That the wretch in his chains, each night took the pains,
To come down from the gibbet—and walk.

In order to act as a warning to others the bodies were kept up as long as possible, and for this purpose were saturated with tar. On one occasion the gibbet was fired and the tar helped the conflagration, and a rapid and effectual cremation ensued. In many museums gibbet-irons are preserved.

Punishments in olden times were usually cruel. Did they act as deterrents to vice? Modern judges have found the use of the lash a cure for robbery from the person with violence. The sight of whipping-posts and stocks, we learn, has stayed young men from becoming topers and drunkards. A brank certainly in one recorded case cured a woman from coarse invective and abuse. But what effect had the sight of the infliction of cruel punishments upon those who took part in them or witnessed them? It could only have tended to make cruel natures more brutal. Barbarous punishments, public hangings, cruel sports such as bull-baiting, dog-fighting, bear-baiting, prize-fighting and the like could not fail to exercise a bad influence on the populace; and where one was deterred from vice, thousands were brutalized and their hearts and natures hardened, wherein vicious pleasures, crime, and lust found a congenial soil. But we can still see our stocks on the village greens, our branks, ducking-stools, and pillories in museums, and remind ourselves of the customs of former days which have not so very long ago passed away.


CHAPTER XIV

OLD BRIDGES

The passing away of the old bridges is a deplorable feature of vanishing England. Since the introduction of those terrible traction-engines, monstrous machines that drag behind them a whole train of heavily laden trucks, few of these old structures that have survived centuries of ordinary use are safe from destruction. The immense weight of these road-trains are enough to break the back of any of the old-fashioned bridges. Constantly notices have to be set up stating: "This bridge is only sufficient to carry the ordinary traffic of the district, and traction-engines are not allowed to proceed over it." Then comes an outcry from the proprietors of locomotives demanding bridges suitable for their convenience. County councils and district councils are worried by their importunities, and soon the venerable structures are doomed, and an iron-girder bridge hideous in every particular replaces one of the most beautiful features of our village.

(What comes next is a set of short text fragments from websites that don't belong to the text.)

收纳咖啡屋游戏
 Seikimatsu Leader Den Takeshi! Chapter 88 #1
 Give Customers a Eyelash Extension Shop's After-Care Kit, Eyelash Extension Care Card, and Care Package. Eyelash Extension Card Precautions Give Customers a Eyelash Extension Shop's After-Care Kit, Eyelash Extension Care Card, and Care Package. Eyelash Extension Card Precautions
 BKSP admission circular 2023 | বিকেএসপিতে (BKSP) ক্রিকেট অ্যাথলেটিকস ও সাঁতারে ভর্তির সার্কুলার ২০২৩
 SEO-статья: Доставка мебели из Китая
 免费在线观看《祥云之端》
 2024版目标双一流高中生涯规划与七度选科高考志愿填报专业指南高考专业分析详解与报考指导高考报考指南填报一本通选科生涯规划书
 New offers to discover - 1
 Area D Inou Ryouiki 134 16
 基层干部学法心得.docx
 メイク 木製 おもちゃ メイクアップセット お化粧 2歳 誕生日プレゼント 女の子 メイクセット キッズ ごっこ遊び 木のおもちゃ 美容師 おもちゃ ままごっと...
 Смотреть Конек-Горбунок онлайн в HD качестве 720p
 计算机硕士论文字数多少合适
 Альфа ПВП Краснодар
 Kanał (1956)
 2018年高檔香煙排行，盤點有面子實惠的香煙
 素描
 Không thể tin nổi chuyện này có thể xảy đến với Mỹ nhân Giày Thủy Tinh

When the Sonning bridges that span the Thames were threatened a few years ago, English artists, such as Mr. Leslie and Mr. Holman-Hunt, strove manfully for their defence. The latter wrote:—

"The nation, without doubt, is in serious danger of losing faith in the testimony of our poets and painters to the exceptional beauty of the land which has inspired them. The poets, from Chaucer to the last of his true British successors, with one voice enlarge on the overflowing sweetness of England, her hills and dales, her pastures with sweet flowers, and the loveliness of her silver streams. It is the cherishing of the wholesome enjoyments of daily life that has implanted in the sons of England love of home, goodness of nature, and sweet reasonableness, and has given strength to the thews and sinews of her children, enabling them to defend her land, her principles, and her prosperity. With regard to the three Sonning bridges, parts of them have been already rebuilt with iron fittings in recent years, and no disinterested reasonable person can see why they could not be easily made sufficient to carry all existing traffic. If the bridges were to be widened in the service of some disproportionate vehicles it is obvious that the traffic such enlarged bridges are intended to carry would be put forward as an argument for demolishing the exquisite old bridge over the main river which is the glory of this exceptionally picturesque and well-ordered village; and this is a matter of which even the most utilitarian would soon see the evil in the diminished attraction of the river not only to Englishmen, but to Colonials and Americans who have across the sea read widely of its beauty. Remonstrances must look ahead, and can only now be of avail in recognition of future further danger. We are called upon to plead the cause for the whole of the beauty-loving England, and of all river-loving people in particular."

Gallantly does the great painter express the views of artists, and such vandalism is as obnoxious to antiquaries as it is to artists and lovers of the picturesque. Many of these old bridges date from medieval times, and are relics of antiquity that can ill be spared. Brick is a material as nearly imperishable as any that man can build with. There is hardly any limit to the life of a brick or stone bridge, whereas an iron or steel bridge requires constant supervision. The oldest iron bridge in this country—at Coalbrookdale, in Shropshire—has failed after 123 years of life. It was worn out by old age, whereas the Roman bridge at Rimini, and the medieval ones at St. Ives, Bradford-on-Avon, and countless other places in this country and abroad, are in daily use and are likely to remain serviceable for many years to come, unless these ponderous trains break them down.